A trove of personal letters between Pope John Paul II and a Polish-American woman has been discovered by the BBC. The letters reveal an intense and intimate bond that lasted more than three decades.

If you can imagine a cross between the Vatican newspaper, L'Osservatore Romano, and the Hollywood gossip site, TMZ, you might get something like these letters, reports CBS News correspondent Mark Phillips.

They're about a story of unrequited love -- or they're a story of a long, intellectual friendship. With an overlay of affection, there is plenty of argument for both.

In the beginning, Karol Wojtyla from Krakov was a dynamic young priest on the rise. Anna-Teresa Tymieniecka was a Polish emigre, living in the U.S. -- and married.

Yet when they met in Krakov, to collaborate on an English version of a book he'd written, something on some other level clicked.

They began an exchange of letters that continued for the rest of his life. Her letters to him seemed to make him uncomfortable.

"You write about being torn apart, but I could find no answer to these words," Wojtyla said. Particularly the words, "I belong to you."

As he rose up the hierarchy -- a cardinal about to be elected pope -- they continue to correspond. The letters were sent in a way to avoid the Polish communist censors who could have used the whiff of scandal to undermine the powerful Catholic Church.

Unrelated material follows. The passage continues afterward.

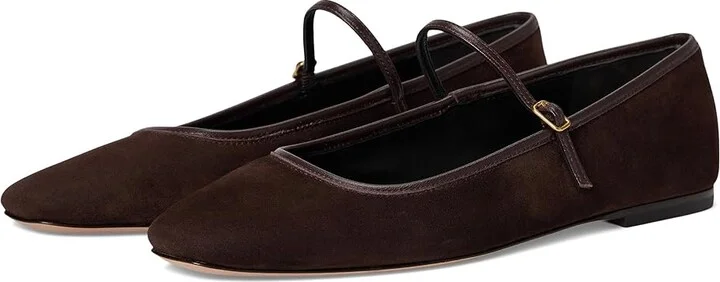 Veronica Beard Ellie Women's Shoes Espresso : 12 M, Suede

"It's good you sent your letter by hand, it contains things too deep for the censor's eyes," Cardinal Wojtyla wrote in 1978. "They are so meaningful and deeply personal."

The couple spent time together in Vermont where Tymieniecka had a house. In Poland they went on ski trips together. More than friends, some said, less than lovers.

When Wojtyla is surprisingly elected pope, communication would become more difficult, but not impossible, Pope John Paul soon wrote.

"I promise I will remember everything at this new stage of my journey. I am think about you. In my thoughts I come to Pomfret [her house in Vermont] every day," the pope wrote.

She is said to have come to Rome to be at his bedside as he was dying, but she's been removed from official Vatican history.

The letters are held in the Polish national library. Significantly, his letters have now been released, but hers are still being kept secret. What a story they might tell about the life of this popularly, now sainted, pope.